**Problem details:** In the copy, include exactly the lines from the one with "Montería sigue celebrando: hoy" through the end of the data and no others, both ends kept, with every picture left out.

**Dataset section:**
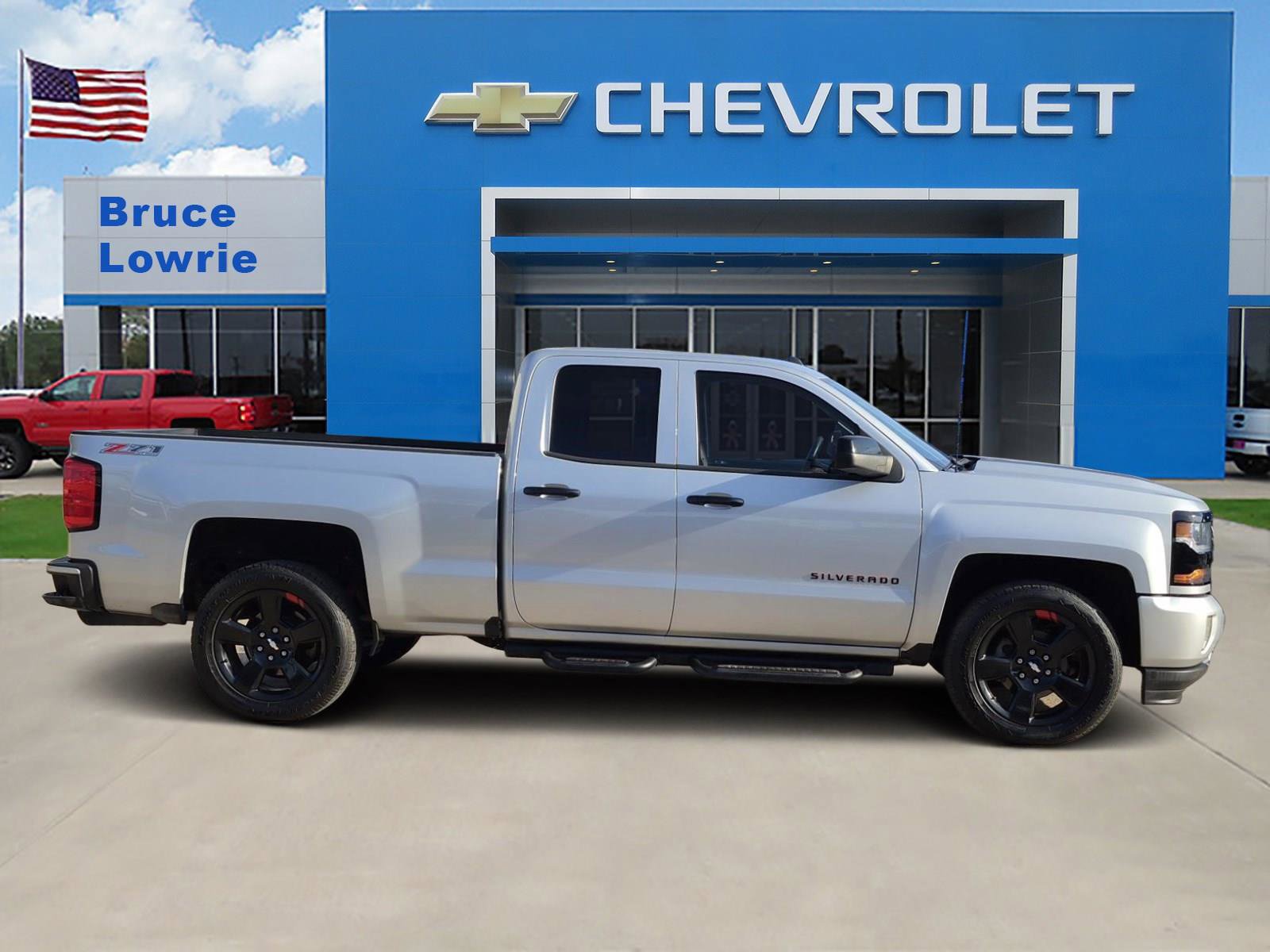 Used 2017 Chevrolet Silverado 1500 LT w/ Redline Edition AWD/4WD image 6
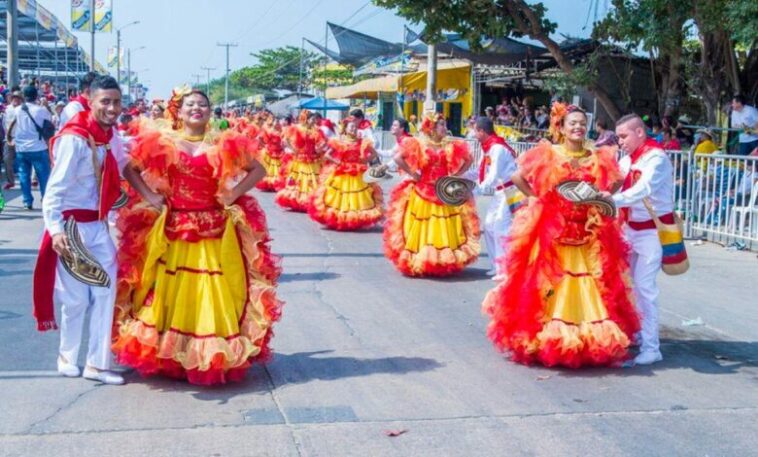 Montería sigue celebrando: hoy desfile de comparsas y concierto con Koffe El Kafetero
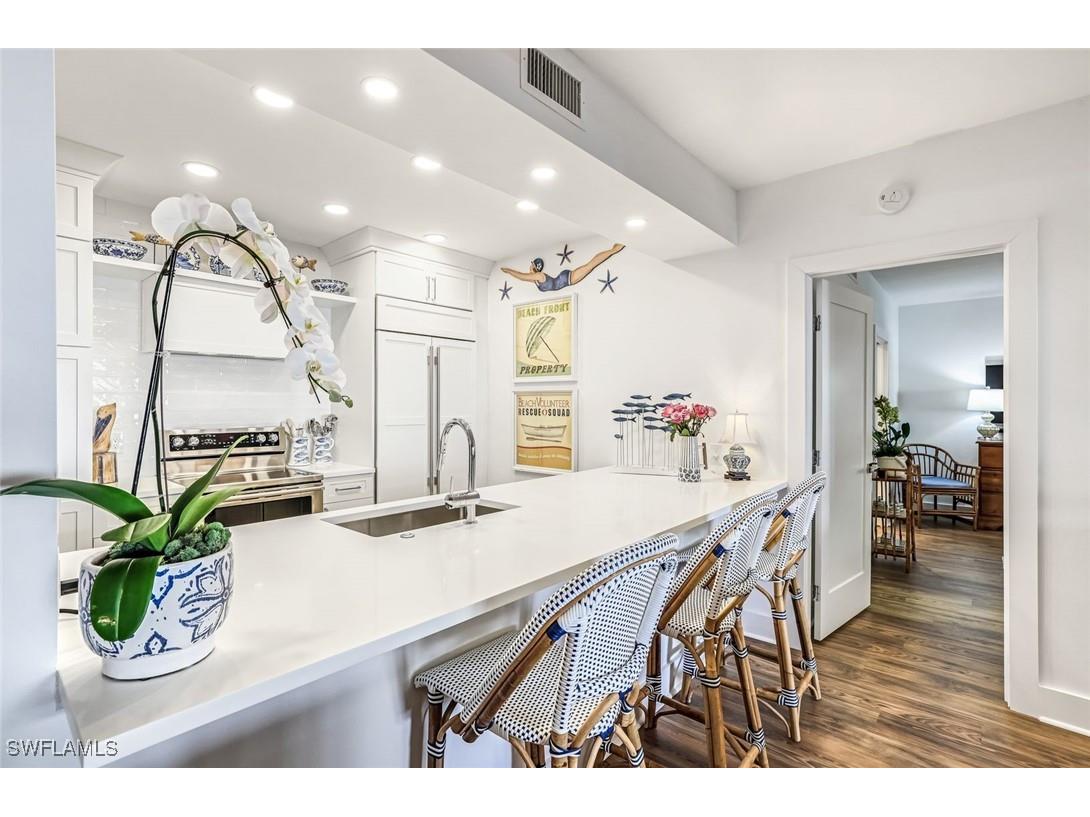 5801 Glencove Drive #502 Naples FL 34108 226005550 image5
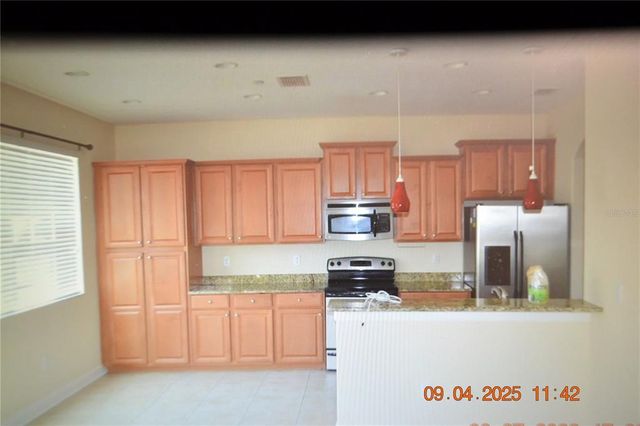 10144 ARBOR RUN DRIVE 122, Tampa, FL 33647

**Solution for this problem:**
 Montería sigue celebrando: hoy desfile de comparsas y concierto con Koffe El Kafetero
 5801 Glencove Drive #502 Naples FL 34108 226005550 image5
 10144 ARBOR RUN DRIVE 122, Tampa, FL 33647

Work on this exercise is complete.